7.4 When “Wait ’Til Next Year” Is an Annual Mantra, or the Fan Bases of the Damned

Either through the unfortunate vagaries of inheritance or through the grievous impulsiveness of youth, you may find yourself linked to an ineffably, monstrously inept team. How this happens is one of the confounding mysteries that fate likes to stir in the stew of life with its unwashed pinky finger.

Sure, on some level you can enjoy the league as a whole, as a beleaguered student of the game, but you are condemned to view the NFL from the bottom up. You are but fools, doomed forever to the caste of losers. A wretched band of untouchables bound to serve the good teams the wins they desire. Their seasons begin with inflated hopes, flying in the face of reason, and terminate well before the actual season is over with crushed dreams and crying jags.

While there are many teams that are marked by pitiful performance on the field, there exists a fetid threesome that tests the mettle of their fans in ways only war refugees can understand. Despite fielding a team throughout the entirety of the modern era, they have yet to reward their faithful with so much as an appearance on the grandest of stages, the Super Bowl. Meanwhile, the Panthers and
the Ravens made it to the big dance in their first decade of operation. Nobody said fandom was fair.

The New Orleans Saints, the Detroit Lions, and the Cleveland Browns. If ever there was a three-headed hell-hound of fail, it is they.

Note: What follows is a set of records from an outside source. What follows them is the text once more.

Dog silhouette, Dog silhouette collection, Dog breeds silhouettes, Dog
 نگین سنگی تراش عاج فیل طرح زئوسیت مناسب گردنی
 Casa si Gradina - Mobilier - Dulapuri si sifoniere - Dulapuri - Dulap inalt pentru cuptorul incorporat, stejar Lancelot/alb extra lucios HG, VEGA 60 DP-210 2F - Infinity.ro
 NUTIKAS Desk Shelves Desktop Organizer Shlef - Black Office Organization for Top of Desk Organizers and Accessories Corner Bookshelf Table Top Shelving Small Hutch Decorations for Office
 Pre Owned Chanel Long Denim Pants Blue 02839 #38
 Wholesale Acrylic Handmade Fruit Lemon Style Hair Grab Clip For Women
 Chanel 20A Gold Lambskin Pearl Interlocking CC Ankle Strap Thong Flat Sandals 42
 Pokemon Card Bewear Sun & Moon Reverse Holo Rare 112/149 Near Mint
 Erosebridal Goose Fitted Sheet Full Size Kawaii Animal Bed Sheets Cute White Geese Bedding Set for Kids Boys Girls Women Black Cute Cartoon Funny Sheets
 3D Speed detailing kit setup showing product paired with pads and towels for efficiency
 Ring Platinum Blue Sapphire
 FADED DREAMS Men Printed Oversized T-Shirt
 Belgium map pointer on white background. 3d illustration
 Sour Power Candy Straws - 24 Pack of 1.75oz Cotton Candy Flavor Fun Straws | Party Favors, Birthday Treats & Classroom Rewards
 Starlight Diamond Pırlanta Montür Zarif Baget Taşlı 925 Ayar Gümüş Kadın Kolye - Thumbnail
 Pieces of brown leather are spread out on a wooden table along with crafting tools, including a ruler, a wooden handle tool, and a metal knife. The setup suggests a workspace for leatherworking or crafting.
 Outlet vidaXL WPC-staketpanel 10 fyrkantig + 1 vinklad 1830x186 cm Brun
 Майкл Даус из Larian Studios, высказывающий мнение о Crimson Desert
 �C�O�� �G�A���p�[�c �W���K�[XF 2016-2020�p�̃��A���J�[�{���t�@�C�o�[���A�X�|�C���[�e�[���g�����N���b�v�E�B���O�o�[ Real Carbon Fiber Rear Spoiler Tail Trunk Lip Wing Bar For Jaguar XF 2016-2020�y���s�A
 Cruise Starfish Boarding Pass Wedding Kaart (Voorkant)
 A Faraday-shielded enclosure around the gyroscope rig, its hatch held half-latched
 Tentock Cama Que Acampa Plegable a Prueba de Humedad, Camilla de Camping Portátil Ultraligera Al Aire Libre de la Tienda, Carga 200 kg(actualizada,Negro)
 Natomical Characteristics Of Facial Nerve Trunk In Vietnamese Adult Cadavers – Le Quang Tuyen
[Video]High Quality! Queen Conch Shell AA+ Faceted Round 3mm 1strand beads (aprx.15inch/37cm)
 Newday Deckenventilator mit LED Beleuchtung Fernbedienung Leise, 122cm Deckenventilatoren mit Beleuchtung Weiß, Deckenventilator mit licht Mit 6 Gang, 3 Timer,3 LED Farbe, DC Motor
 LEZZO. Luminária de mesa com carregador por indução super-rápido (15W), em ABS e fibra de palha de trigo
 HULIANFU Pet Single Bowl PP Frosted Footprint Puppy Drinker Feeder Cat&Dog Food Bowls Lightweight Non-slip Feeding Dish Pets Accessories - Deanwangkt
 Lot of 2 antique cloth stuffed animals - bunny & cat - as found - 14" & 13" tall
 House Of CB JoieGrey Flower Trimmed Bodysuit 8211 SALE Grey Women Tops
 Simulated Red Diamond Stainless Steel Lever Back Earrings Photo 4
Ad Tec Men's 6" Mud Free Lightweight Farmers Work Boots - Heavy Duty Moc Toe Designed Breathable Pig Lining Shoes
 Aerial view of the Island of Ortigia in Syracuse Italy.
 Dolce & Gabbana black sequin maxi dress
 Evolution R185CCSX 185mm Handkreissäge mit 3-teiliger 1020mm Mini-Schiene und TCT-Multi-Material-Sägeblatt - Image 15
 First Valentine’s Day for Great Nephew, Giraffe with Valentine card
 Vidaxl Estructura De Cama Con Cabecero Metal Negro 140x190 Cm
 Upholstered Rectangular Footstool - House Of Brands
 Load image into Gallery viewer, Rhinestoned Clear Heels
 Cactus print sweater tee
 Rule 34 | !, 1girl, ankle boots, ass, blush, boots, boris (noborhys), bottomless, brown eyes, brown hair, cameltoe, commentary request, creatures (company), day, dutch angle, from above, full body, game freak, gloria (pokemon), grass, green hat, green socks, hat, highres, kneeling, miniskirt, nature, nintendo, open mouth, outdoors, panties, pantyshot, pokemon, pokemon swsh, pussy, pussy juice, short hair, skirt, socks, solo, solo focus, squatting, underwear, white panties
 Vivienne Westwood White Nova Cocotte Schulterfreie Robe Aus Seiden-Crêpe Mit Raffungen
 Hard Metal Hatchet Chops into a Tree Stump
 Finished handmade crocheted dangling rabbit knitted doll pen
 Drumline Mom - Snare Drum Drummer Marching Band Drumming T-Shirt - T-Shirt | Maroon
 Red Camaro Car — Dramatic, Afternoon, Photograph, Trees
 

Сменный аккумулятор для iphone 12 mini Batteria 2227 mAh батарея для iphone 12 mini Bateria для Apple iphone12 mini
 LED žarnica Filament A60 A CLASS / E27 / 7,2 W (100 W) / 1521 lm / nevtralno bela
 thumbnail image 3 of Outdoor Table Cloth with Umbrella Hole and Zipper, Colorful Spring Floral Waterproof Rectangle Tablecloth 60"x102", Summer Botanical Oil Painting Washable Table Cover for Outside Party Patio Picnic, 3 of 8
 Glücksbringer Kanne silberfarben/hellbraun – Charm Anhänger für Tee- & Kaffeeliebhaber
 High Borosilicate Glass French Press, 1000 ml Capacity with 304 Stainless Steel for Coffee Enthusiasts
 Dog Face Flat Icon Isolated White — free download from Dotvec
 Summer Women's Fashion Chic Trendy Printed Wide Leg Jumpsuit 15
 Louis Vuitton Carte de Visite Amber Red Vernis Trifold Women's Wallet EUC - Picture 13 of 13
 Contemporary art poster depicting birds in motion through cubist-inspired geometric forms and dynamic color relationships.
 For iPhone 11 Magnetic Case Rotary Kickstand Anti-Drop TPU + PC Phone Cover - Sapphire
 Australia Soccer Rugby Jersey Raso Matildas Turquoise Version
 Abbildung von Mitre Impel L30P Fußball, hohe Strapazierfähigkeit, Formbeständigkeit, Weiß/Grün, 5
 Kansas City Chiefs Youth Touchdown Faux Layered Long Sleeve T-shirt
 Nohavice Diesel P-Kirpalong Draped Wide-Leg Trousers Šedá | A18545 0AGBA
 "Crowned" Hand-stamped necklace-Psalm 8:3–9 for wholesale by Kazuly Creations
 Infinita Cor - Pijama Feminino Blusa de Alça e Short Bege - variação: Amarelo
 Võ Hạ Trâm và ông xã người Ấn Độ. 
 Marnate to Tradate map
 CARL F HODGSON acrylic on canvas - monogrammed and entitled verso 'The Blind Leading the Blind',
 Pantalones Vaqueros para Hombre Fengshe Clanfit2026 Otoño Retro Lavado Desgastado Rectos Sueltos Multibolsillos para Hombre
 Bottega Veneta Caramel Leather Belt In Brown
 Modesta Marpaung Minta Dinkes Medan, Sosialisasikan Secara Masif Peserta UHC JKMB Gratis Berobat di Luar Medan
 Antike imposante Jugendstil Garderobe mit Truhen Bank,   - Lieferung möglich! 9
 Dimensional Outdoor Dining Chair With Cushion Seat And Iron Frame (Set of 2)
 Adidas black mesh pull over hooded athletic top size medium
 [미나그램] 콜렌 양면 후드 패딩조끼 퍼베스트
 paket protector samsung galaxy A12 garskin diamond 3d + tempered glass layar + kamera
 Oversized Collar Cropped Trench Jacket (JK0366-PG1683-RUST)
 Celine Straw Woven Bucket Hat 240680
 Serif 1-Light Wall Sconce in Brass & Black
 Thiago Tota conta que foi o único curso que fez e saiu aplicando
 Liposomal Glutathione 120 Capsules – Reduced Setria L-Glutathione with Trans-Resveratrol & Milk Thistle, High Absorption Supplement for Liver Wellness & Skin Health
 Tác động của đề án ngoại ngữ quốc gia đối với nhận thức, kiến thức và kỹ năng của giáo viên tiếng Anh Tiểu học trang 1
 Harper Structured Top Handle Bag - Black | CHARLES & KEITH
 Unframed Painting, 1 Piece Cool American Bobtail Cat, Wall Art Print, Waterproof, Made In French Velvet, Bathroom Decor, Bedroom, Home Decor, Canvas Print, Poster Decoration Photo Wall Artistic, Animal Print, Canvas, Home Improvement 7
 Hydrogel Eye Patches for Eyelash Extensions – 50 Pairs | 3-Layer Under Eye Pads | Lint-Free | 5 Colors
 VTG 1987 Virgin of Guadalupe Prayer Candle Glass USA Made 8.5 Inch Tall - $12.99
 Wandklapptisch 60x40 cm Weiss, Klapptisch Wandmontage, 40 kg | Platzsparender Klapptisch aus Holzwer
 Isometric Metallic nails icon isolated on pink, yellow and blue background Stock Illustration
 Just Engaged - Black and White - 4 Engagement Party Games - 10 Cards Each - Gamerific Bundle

Fans of the Lions and Browns gripe that their teams won championships prior to the Super Bowl era, but that’s like saying you’re rich because you have fifteen million drachmas. Championships won before the advent of the Super Bowl are a trivial footnote of history.

On a side note, the Jacksonville Jaguars and the Houston Texans also belong on the list of teams that have failed to reach the Super Bowl; however, considering that these franchises are respectively fourteen and seven years old, it’s a bit unfair to hold them to the same standards as these three perennial tonguers of cornhole. Additionally, they have it rough enough living in Jacksonville and Houston without more ribbing.

One could also include Chargers fans, even though the team has made one Super Bowl appearance, seeing as how no pro team from San Diego has ever won a major sports title. But then again, the weather is too nice for anyone to really be miserable there. Nuts to those lucky, well-tanned jerkwheats.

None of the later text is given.